Recognizing a Teenager is Suffering with Depression and How to Help

Living with a teenager can be very confusing. One minute they’re floating on air and the next they’re down in the dumps with no explanation. The fact that talking with them about anything can be very difficult only makes the situation worse. Modern teenagers face a whole host of pressures, from their peers, from changes in their own bodies and fears about who they are and where they fit in. All the uncertainty and trauma makes it difficult to tell whether the way they’re feeling is a case of the teenage blues or the much more serious problem of depression.

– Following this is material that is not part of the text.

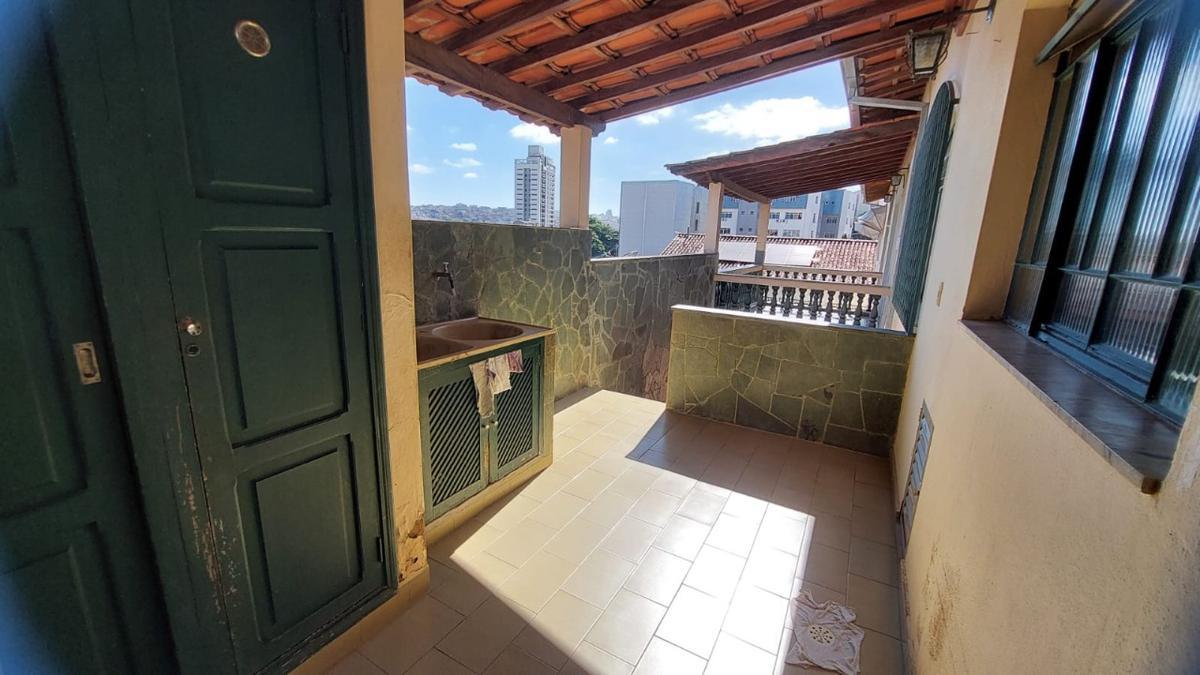 Casa, Vila Martins, 4 Quartos, 5 Vagas, 1 Suíte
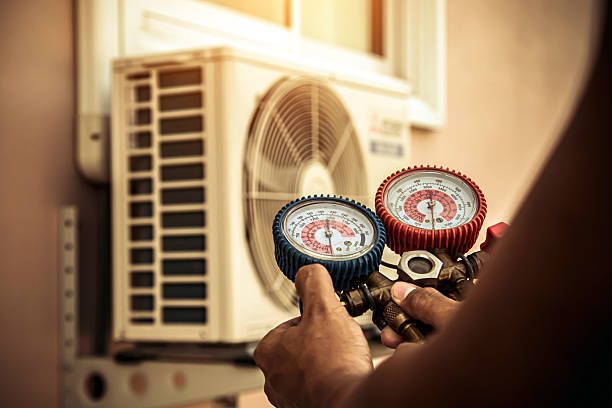 Professional Hvac technician working in Glenpool, OK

How to Tell Whether a Teenager is Depressed
Depression is a common complaint in today's world and affects people of all ages, including teenagers. Teenagers often choose to ‘self-medicate’ as a coping method with drugs or alcohol. Depression usually gets worse in such situations, and you need to consider seeking addiction recovery treatments for your teenager. Estimates put a figure of 1 in 5 adolescents will suffer from it at some point during their teens. Bad moods and the occasional acting out are to be expected. However, depression is something completely different. Here are some of the signs to look for.
·       Problems at school – depression can cause difficulties with concentration and low energy. This often leads to a fall in grades, poor attendance and frustration with schoolwork when previously there wasn’t a problem.
·       Low self-esteem – feelings of shame, failure, unworthiness, and ugliness can be made worse when a teenager is depressed.
·       Running away – they may talk about running away from home or actually do it. This can be considered a cry for help.
·       Reckless behavior – dangerous or high-risk behaviors such as binge drinking, unsafe sex, and reckless driving.
·       Other mental health problems – eating disorders, self-injury, and other mental health problems can be associated with teenage depression.

How to Help a Depressed Teenager

Left untreated, depression can be detrimental so don’t wait to hope they’ll grow out of it. If you suspect your teenager is feeling depressed encourage them to talk about it in a loving and non-judgmental way. Talk to them about the signs you’ve noticed and let them know why you’re worried. Get them to share what they are going through, making sure you really listen to what they’ve got to say. Don’t ask too many questions and assure them you’re willing to provide support and help in whatever way you can.
You'll find lots of useful advice online that will help you to figure out how to deal with the above problems. For example, if your teen hates school you can take a read of these 15 strategies from Daniel Wong which range from talking to their teachers to simply considering if anything you're doing is putting stress on them (e.g. nagging them to get their work done).
Feelings of depression can often lead to isolation, so you have to do what you can to help them reconnect. Face to face time with your teenager helps immensely, and you can also encourage them to go out with friends or invite their friends over. Take part in family activities and provide opportunities for them to connect with other children. If they have any interests and talents suggest appropriate activities. One last suggestion is to get them involved in helping others. As well as being a powerful antidepressant, volunteering can boost their self-esteem.

Having a depressed teenager in the home can sap everyone’s energy. Helping them come to terms with the problem and finding ways to help is going to be of benefit to everyone.